Even after Cobb was gone, he was despised. When Newsday sports columnist Jack Mann was asked to write Cobb's obit, he said he'd only do it if he could tell it like it was, explaining, "The only difference now is that he's a dead prick."
2. O.J. Simpson
Ten years ago, he probably would have made our "heroes" list. But he was a better actor than we all thought. In a way, the perfect villain -- a public persona of mellow, good-humored friendliness that masked a greater evil inside.
3. John Rocker
Even before SI outed Rocker as a racist jerk, his Braves teammates shunned him -- because he didn't care about the team. "If the team lost, the team won, it really didn't fit with what he did," said Thomas Stinton of the Atlanta Journal Constitution. "It was how he pitched that night, how he had performed, what he had accomplished, what his ERA was, how many saves he had."
And after his hateful harangue? Persona non grata. Nobody came to his defense, because he was indefensible. And soon, he was gone from Atlanta.
4. Walter O'Malley
Just two years after the Dodgers won the World Series, O'Malley took them away from Brooklyn, even though more than a million fans -- a respectable number in those days -- came to see the Bums in 1957. In the meantime, he also convinced Horace Stoneham to move the Giants to San Francisco. Writers Jack Newfield and Pete Hamill, both Brooklyn natives, once had an argument that they settled by each listing, on a piece of paper, the three greatest villains in recent history. Their lists were identical: 1) Hitler; 2) Stalin; 3) O'Malley.
5. Mike Tyson
When Tyson said to Lennox Lewis, "I want to eat your children," we weren't sure if he was kidding or not. In the sordid, corrupt world of boxing, he's a dirty player who once had a chance to rule the heavyweight division on pure talent. Instead, he turned out to be a convicted rapist and ear muncher. Now, as former featherweight champion Barry McGuigan so concisely said, "He's out of control outside the ring and out of control inside the ring. He's a disgrace." Who gives a flip if he can turn on the charm when Jimmy Kimmel's cameras are pointed at him?
6. Conrad Dobler
The offensive lineman for the Cardinals, Saints and Bills in the 1970s and early '80s received the dubious honor of topping Page 2's list of dirtiest pro team players ever last year. He was a true villain who didn't care who he hurt, or how he hurt them. For example, he was so well known for biting (sound familiar?) that the Vikings requested rabies shots before playing against him. His unabashed dirty play resulted in several rules changes: no blocking a windpipe -- said Dobler, "When I hit a guy, I'll hit him in the throat ... he doesn't have any pads on his throat" -- and no leg whips.

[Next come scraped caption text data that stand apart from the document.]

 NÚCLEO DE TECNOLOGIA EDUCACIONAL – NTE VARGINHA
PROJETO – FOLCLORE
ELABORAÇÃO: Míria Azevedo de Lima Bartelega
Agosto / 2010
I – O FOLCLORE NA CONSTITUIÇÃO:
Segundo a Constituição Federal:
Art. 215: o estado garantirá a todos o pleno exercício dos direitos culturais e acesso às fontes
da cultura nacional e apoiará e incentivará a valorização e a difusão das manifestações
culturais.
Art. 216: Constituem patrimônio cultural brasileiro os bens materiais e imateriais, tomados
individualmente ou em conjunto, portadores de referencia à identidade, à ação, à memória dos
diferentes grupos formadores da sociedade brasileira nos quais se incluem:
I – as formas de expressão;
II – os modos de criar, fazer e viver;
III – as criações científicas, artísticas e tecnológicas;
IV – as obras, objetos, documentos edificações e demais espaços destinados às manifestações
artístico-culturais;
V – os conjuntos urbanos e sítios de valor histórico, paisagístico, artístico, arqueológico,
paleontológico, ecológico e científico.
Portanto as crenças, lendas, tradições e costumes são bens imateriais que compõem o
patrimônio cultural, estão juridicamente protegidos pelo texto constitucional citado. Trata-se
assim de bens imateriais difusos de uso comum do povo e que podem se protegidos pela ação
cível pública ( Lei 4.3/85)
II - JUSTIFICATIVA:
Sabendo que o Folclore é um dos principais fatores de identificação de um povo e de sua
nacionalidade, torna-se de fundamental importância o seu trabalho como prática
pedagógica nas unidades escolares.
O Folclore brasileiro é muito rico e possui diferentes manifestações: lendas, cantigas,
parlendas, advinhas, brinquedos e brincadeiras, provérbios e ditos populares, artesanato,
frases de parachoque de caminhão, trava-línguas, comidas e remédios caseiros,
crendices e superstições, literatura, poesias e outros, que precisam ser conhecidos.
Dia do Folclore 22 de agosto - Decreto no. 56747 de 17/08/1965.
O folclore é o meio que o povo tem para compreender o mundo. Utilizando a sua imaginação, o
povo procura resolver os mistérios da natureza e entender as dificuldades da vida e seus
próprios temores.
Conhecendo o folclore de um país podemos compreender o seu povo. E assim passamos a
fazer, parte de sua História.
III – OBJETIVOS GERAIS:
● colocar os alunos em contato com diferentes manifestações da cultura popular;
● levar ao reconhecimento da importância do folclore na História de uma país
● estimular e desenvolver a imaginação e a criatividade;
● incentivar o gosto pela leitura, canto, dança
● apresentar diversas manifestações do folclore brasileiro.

Dobler got off cheap shots against Merlin Olsen and Mean Joe Greene -- in the Pro Bowl -- and Lions linebacker Charlie Weaver, among countless others.

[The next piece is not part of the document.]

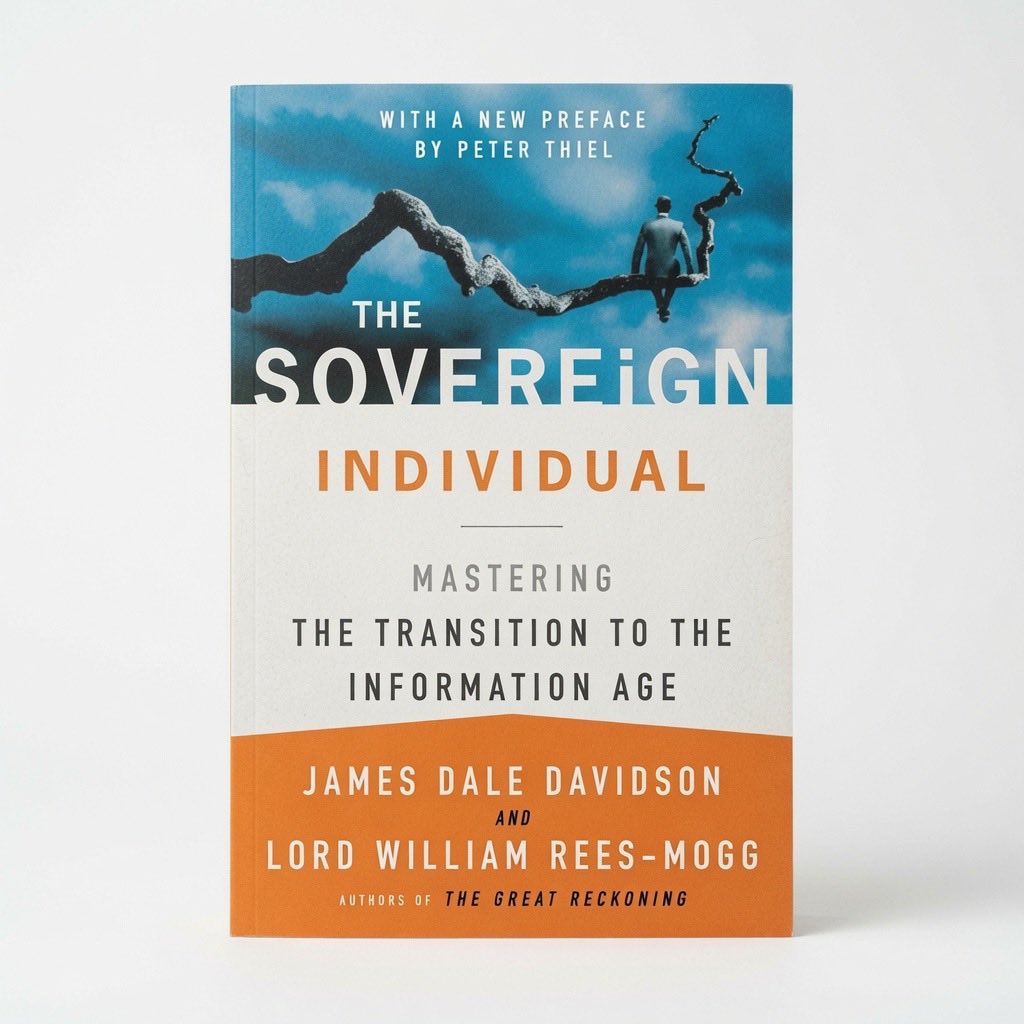 The Sovereign Individual: Mastering the Transition to the Information Age - Paperback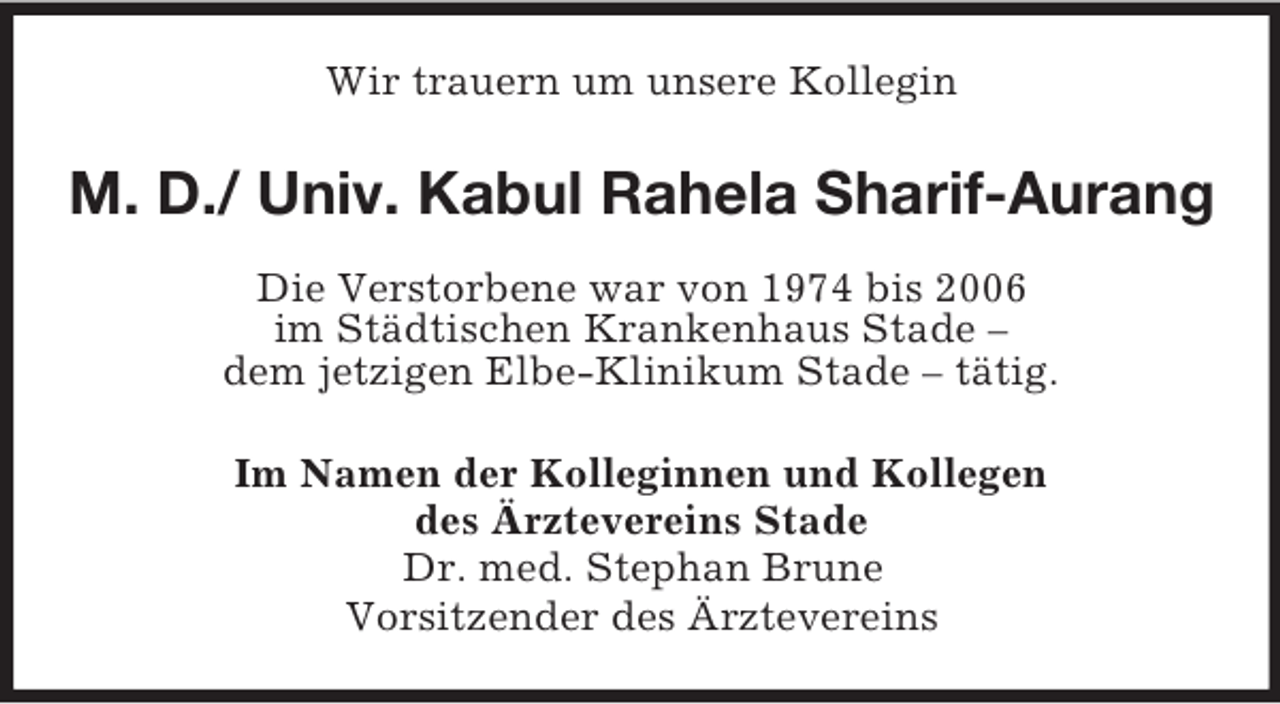 <p>Wir trauern um unsere Kollegin<br />M. D./ Univ. Kabul Rahela Sharif-Aurang<br />Die Verstorbene war von 1974 bis 2006<br />im Städtischen Krankenhaus Stade –<br />dem jetzigen Elbe-Klinikum Stade – tätig.<br />Im Namen der Kolleginnen und Kollegen<br />des Ärztevereins Stade<br />Dr. med. Stephan Brune<br />Vorsitzender des Ärztevereins</p>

But the cheapest, most juvenile of all came at the end of a 1974 game against the Giants, when the opposing players were shaking hands as the clock wound down. When Giant Jim Pietrzak attempted this ritual of sportsmanship, wishing Dobler good luck in the playoffs, Dobler punched him in the throat.
7. Charles ComiskeyArnold Rothstein/Hal Chase
The real troika behind the 1919 Black Sox scandal.
Comiskey, the owner of the White Sox, became the owner of the Black Sox at least in part because he was a notorious cheapskate. In other words, his players -- the best in baseball -- were greatly underpaid. Would they have fixed the Series if they didn't need the cash, and felt any allegiance whatsoever to Comiskey? We wouldn't bet on it.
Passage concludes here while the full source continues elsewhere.